__Assigned task__. Please restate the records below verbatim, omitting every image they hold.

Image-text web data
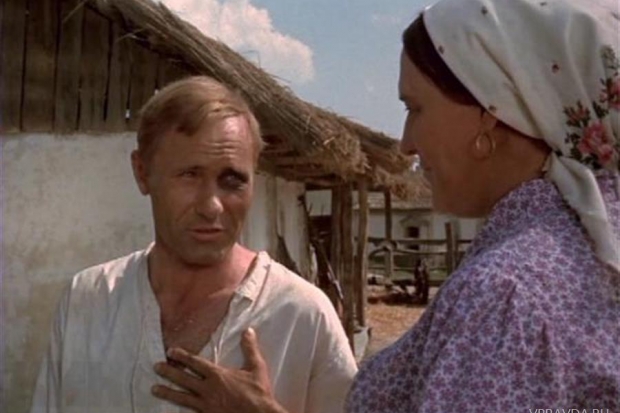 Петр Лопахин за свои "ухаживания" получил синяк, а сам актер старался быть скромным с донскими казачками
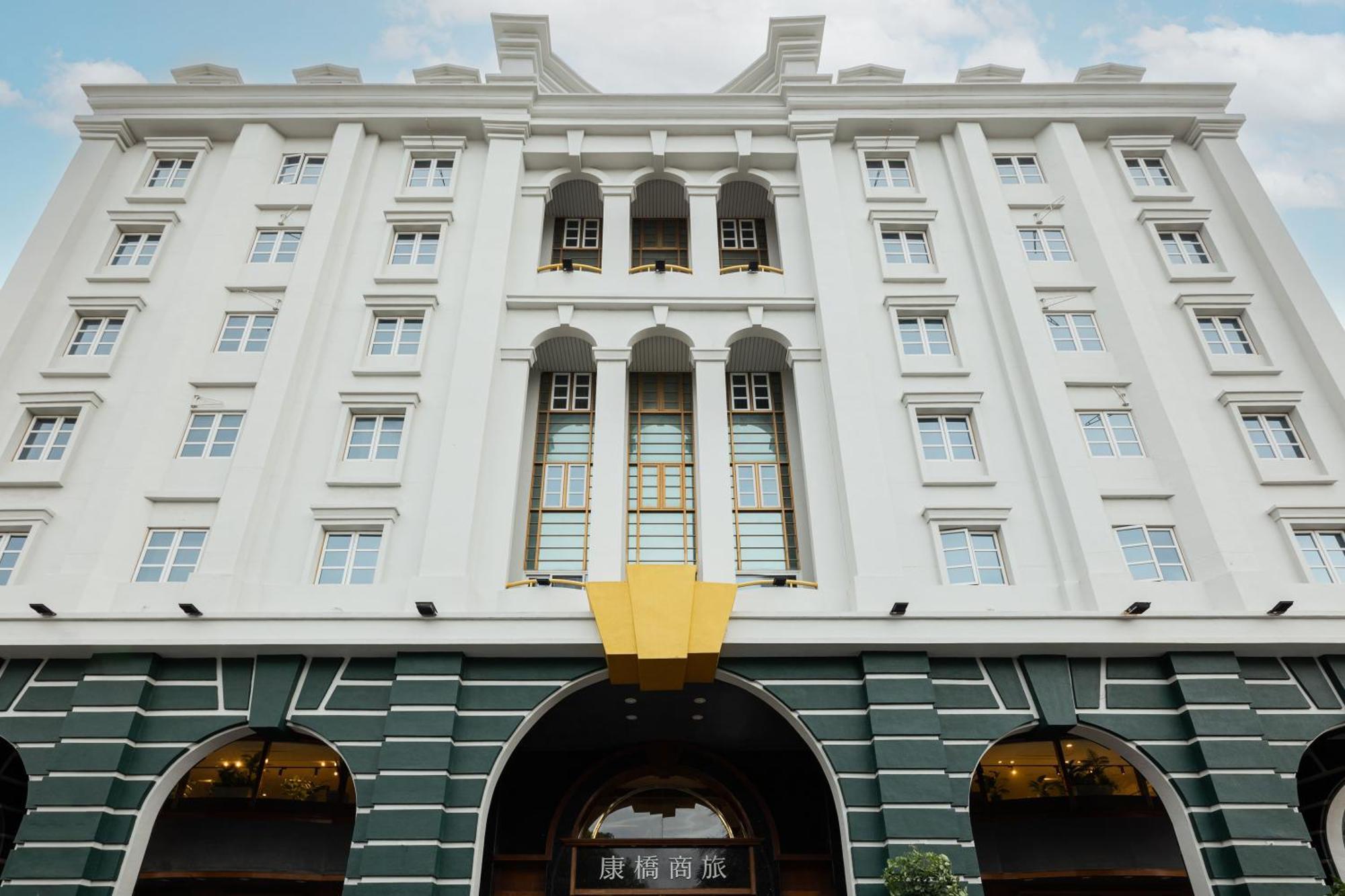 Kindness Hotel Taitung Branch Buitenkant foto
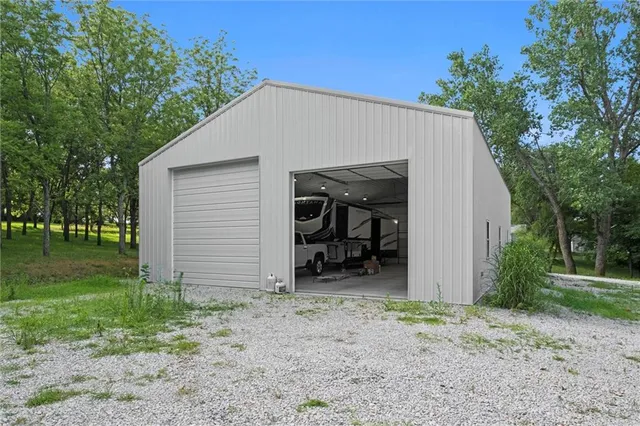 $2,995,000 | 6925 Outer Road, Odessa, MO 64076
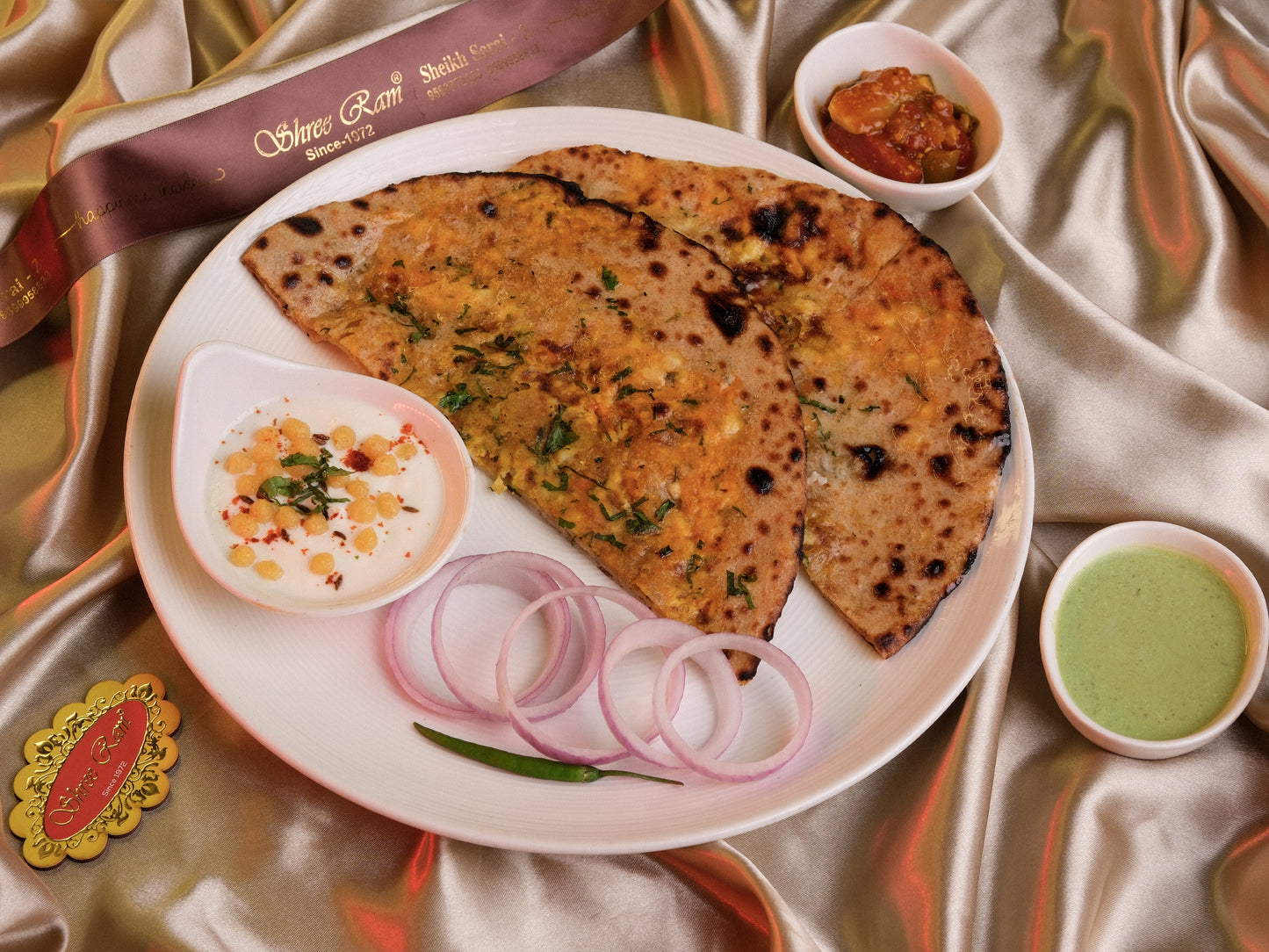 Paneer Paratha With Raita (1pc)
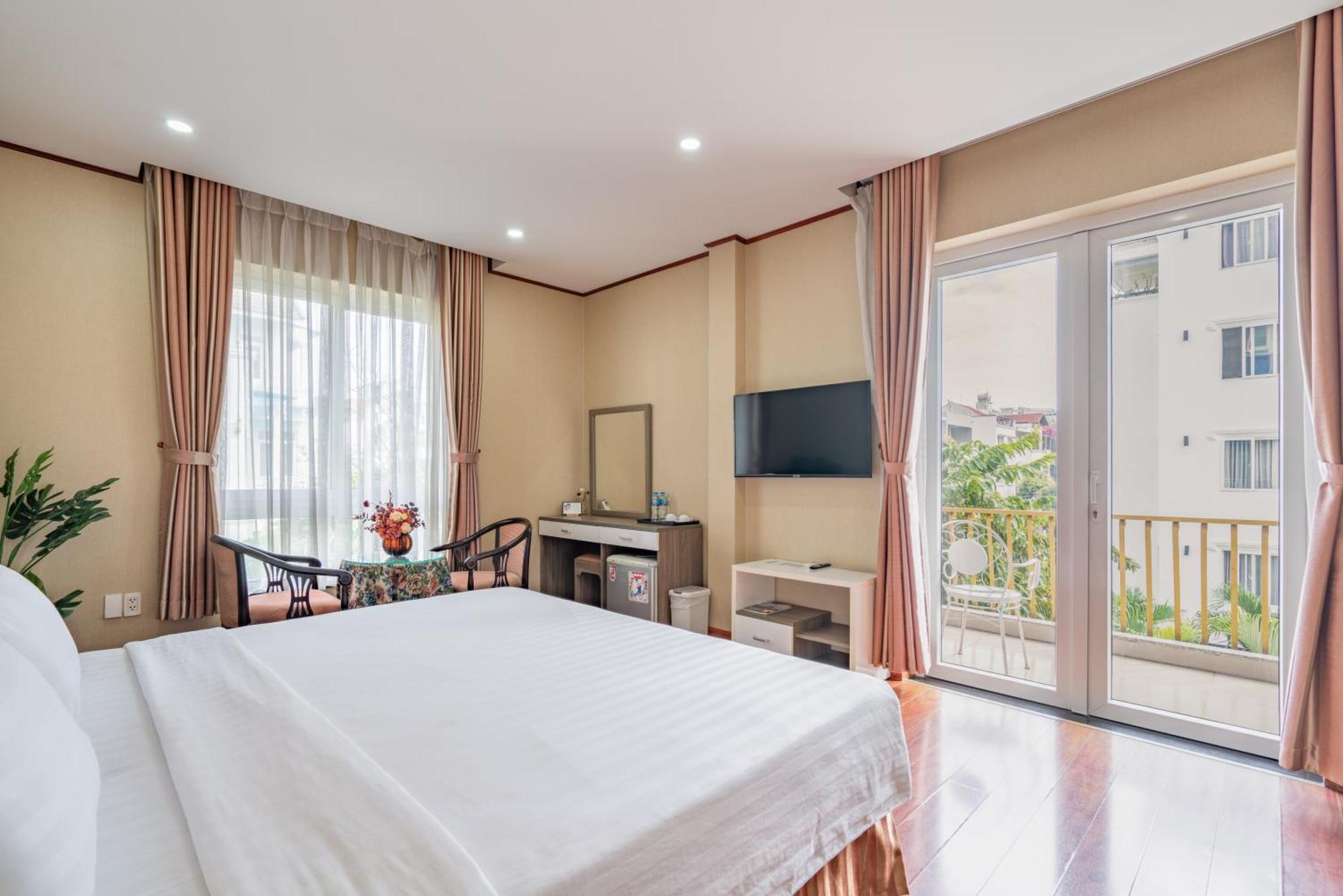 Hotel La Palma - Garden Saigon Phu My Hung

__The completed task__.
 Петр Лопахин за свои "ухаживания" получил синяк, а сам актер старался быть скромным с донскими казачками
 Kindness Hotel Taitung Branch Buitenkant foto
 $2,995,000 | 6925 Outer Road, Odessa, MO 64076
 Paneer Paratha With Raita (1pc)
 Hotel La Palma - Garden Saigon Phu My Hung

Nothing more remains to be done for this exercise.